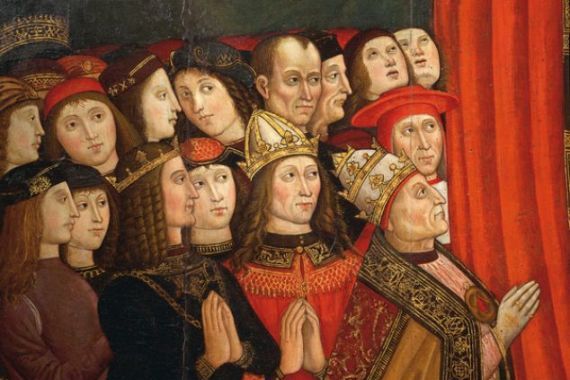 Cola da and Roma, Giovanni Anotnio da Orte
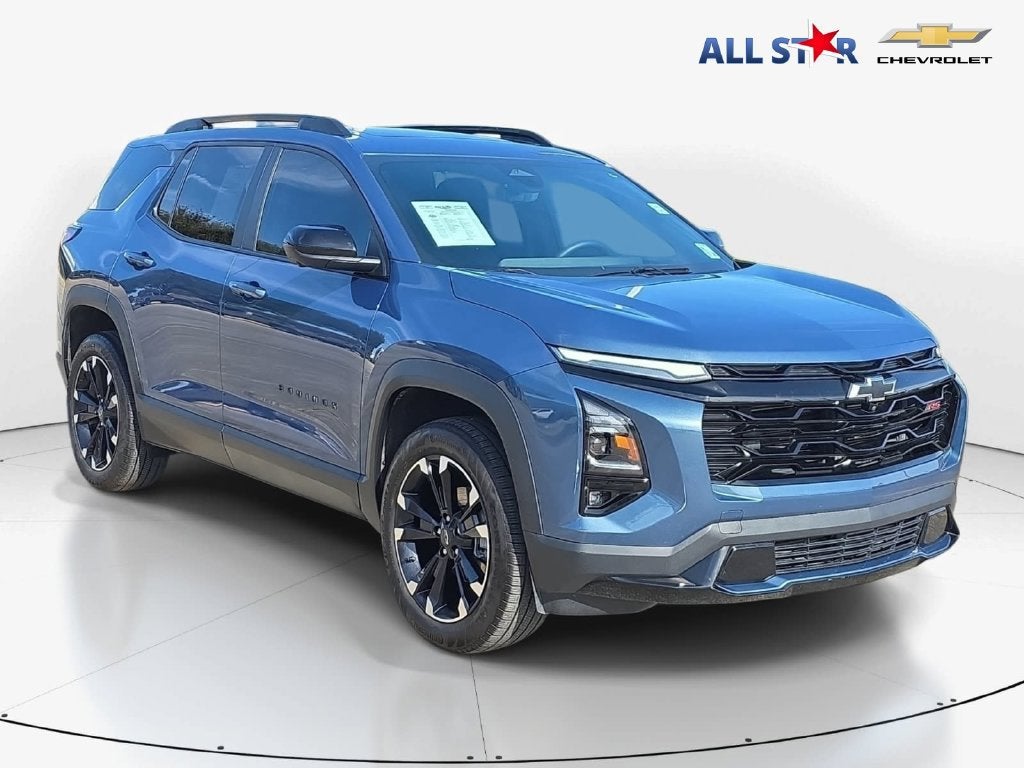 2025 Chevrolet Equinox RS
--
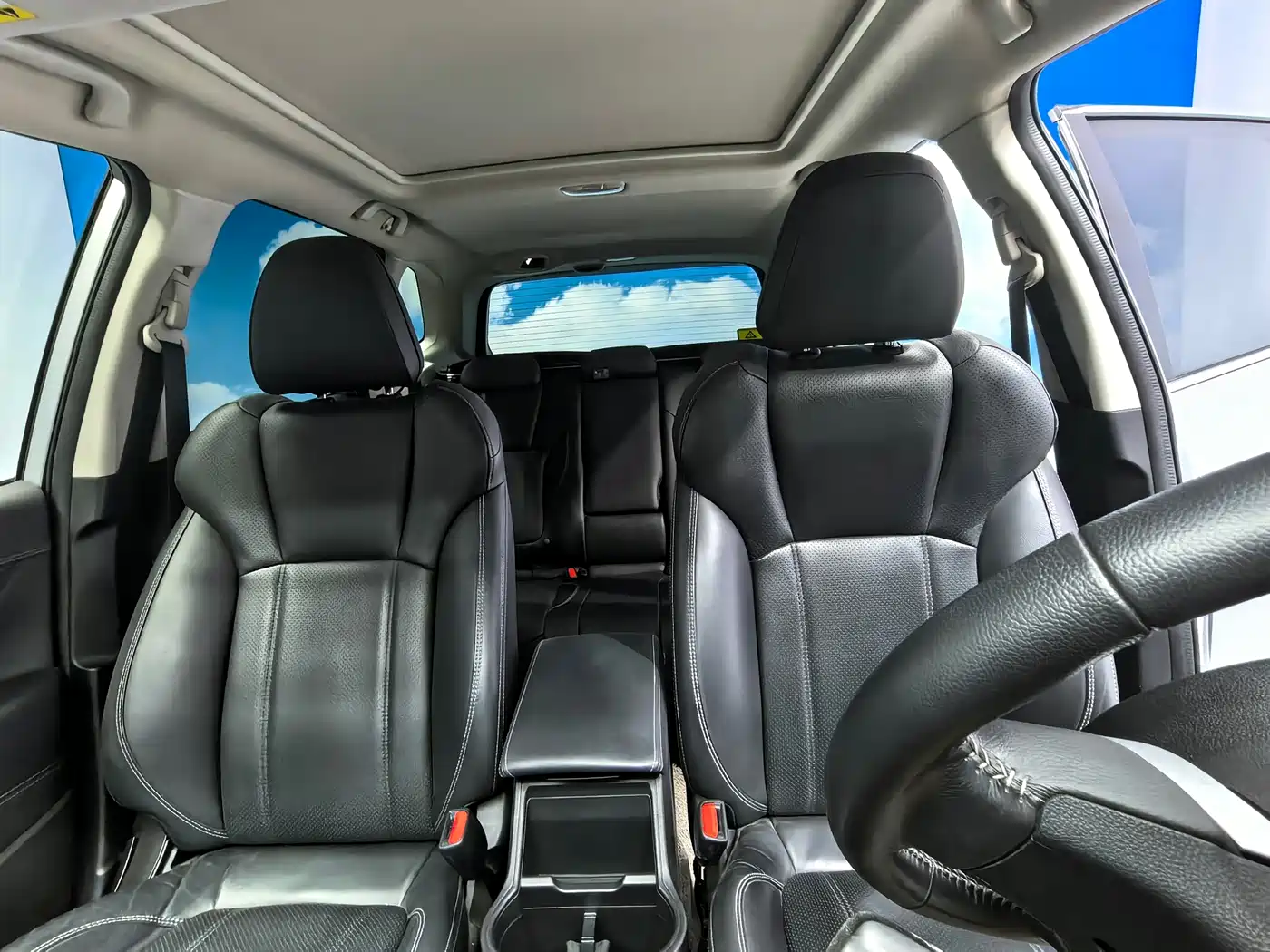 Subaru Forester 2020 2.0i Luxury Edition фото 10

What you need to do:
Copy the listing above exactly, but only from the line with "Cola da and Roma, Giovanni Anotnio da Orte" through the line with "2025 Chevrolet Equinox RS", including those two lines and excluding any picture.

Task solution:
 Cola da and Roma, Giovanni Anotnio da Orte
 2025 Chevrolet Equinox RS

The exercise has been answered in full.